So what does this have to do with The Dark Knight? Well, a week later I almost killed myself but for its intervention (for another post), and then waited eagerly ‘til opening night, nabbing a ticket for a midnight screening. So it was on Thursday July 17th that I last spoke to Valerie, with the intent of either kickstarting things from their depressing doldrums or terminating them. It panned out as I’d expected, so I surreptitiously ended the conversation with her for good before heading out to see The Dark Knight, more pumped yet emotionally fragile than I recall ever being.

I have never been more infatuated with a film – I’ve seen better films, but never been as moved and enervated as this before.

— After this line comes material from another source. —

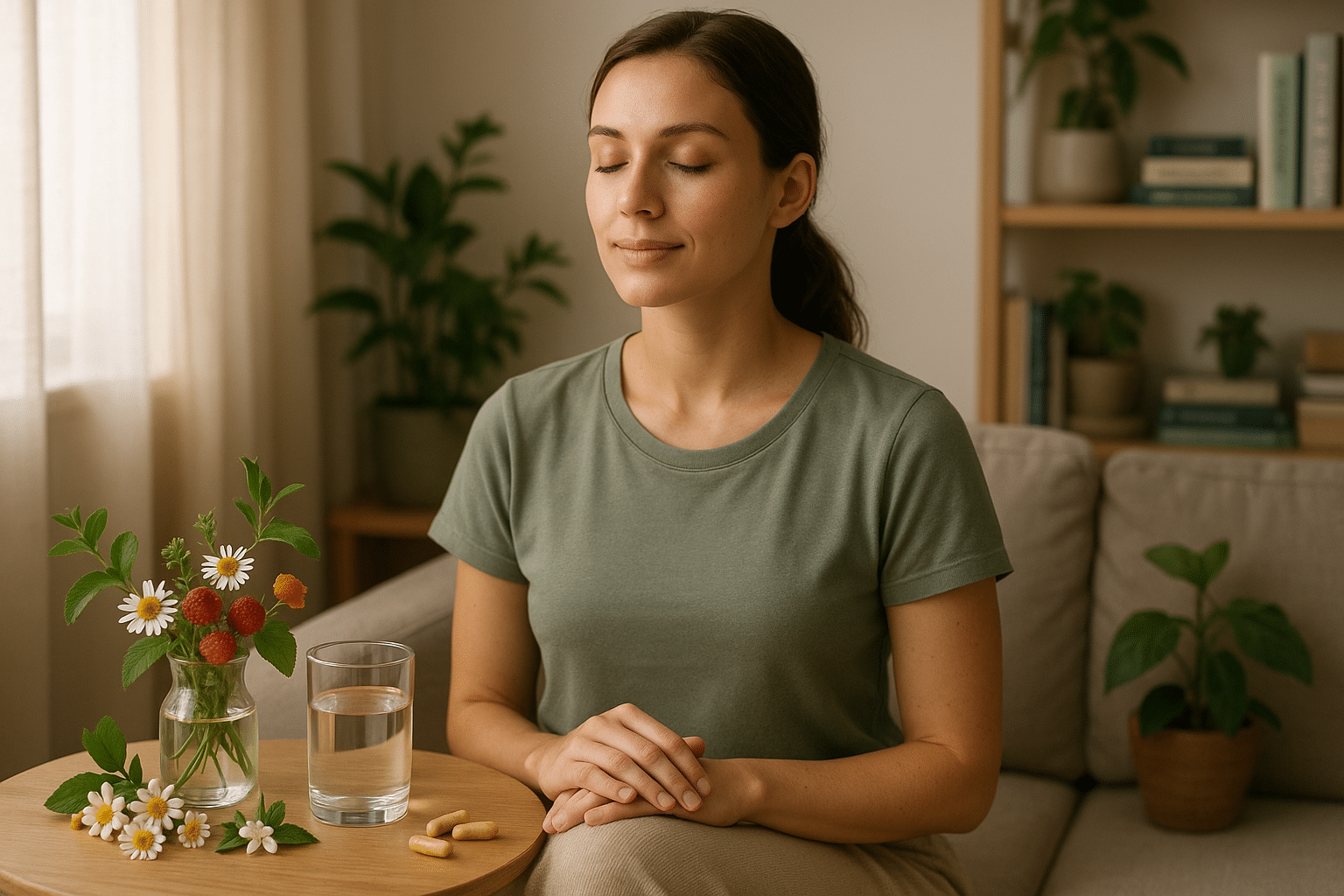 A magas prolaktinszint természetes kezelése: gyógynövények és életmódbeli változtatások a női hormonális egyensúly helyreállításáért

The Dark Knight is all things – beautiful, haunting, memorable, quotable, intelligent, passionate, tragic, energetic, ambitious, successful, bloody rich – that you could want in a love interest. And I am well and truly in love. So it is that I traded one love of my life for another within the space of 2 hours. They are both fascinating yet inaccessible mistresses, and will burn – brutally – because they cannot return the love that I unblinkingly fetter on them (believe it or not, The Dark Knight is just a movie). I’m obsessed, but I’ll love her long after she stops giving (which is a ways away), and be fascinated with the richness and communion of the experience that lasted only 152mins but feels much longer (especially after I see it 10 more times or so).

Yes, I have found the new love of my life. She is The Dark Knight, and she is lovely.